Monday, December 16, 2019

MOVIE REVIEWS: KILLING THEM SOFTLY

November 30, 2012 by · Leave a Comment 

Brad Pitt and his acting colleagues in Killing Them Softly are receiving much applause from critics even as the movie they’re appearing in is not. “It can be a pleasure to watch them all work, even in what turns out to be a disappointing job,” writes A.O. Scott in the New York Times. The movie, he says “is sapped of vitality by its own self-conscious, curatorial fastidiousness.
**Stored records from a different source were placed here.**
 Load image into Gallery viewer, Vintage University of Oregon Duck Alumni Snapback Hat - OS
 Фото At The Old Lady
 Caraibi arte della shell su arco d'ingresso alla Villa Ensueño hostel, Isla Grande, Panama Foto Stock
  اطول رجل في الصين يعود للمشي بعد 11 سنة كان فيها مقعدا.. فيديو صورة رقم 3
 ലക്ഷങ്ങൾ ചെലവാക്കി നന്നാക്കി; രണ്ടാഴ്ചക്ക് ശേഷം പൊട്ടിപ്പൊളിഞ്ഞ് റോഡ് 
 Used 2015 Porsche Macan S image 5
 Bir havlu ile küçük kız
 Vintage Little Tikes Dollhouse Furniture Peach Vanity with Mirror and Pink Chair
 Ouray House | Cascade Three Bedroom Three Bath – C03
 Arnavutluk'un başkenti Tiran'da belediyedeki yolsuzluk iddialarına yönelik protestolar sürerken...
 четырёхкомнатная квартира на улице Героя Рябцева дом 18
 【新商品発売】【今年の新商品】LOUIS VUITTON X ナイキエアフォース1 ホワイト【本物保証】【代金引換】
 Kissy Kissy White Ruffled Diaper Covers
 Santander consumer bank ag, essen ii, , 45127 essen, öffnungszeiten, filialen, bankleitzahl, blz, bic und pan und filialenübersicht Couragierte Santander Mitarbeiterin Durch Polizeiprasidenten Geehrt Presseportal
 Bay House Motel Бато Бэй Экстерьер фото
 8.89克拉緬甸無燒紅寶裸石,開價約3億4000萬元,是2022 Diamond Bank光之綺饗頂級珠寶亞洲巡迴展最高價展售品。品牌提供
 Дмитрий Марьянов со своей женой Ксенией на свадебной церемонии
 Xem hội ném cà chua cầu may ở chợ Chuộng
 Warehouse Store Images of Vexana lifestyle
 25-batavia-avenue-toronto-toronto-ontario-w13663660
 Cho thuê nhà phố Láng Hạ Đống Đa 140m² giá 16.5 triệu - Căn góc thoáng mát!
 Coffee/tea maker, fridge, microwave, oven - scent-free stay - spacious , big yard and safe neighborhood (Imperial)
It takes place entirely in a universe of tropes and archetypes, which is a polite way of saying clichés and pretensions.” Rex Reed in the New York Observer puts it more bluntly: “For a big star, Brad Pitt chooses to waste his talent in boneheaded ways that never cease to amaze me. .. To a growing list of dumbbell duds … you can now add a filthy, pretentious, brutally violent and utterly pointless load of rubbish called Killing Them Softly.” Betsy Sharkey in the Los Angeles Times argues that the movie presents Pitt at his best. “While his last big at-bat, Moneyball, was a far better movie, there is an effortlessness here in the way Pitt turns small scenes into defining moments. Somehow he just keeps getting better at it,” she remarks. Joe Morgenstern in the Wall Street Journal notes that even at 97 minutes, the movie “crawls.” He too applauds the “star” — and it’s not who you think. “I’d say the credits got it wrong and the movie’s star is its cinematographer, Greig Fraser,” Morgenstern remarks “even though Brad Pitt is very good in a pivotal role and was mainly responsible for getting the movie made.” Claudia Puig in USA Today is among a minority of critics who have mostly positive things to say about the film. She describes it as “a clever thriller with a particularly meaty performance by Brad Pitt.” It’s “worth seeing,” she says, “for its sharp dialogue, mesmerizing photography and gritty performances.” Finally, without giving away much of the plot, Roger Ebert in the Chicago Sun-Times comments that the plot has already been given away in other, better films. “It seems as if I’ve been seeing versions of this story since forever,” he writes. “A cast is assembled from various flavors of tough guys, they’re placed in a dreary and joyless cityscape, they hold a series of fraught conversations, there is a great deal of suffering and blood, and most of them are required to die by the end.”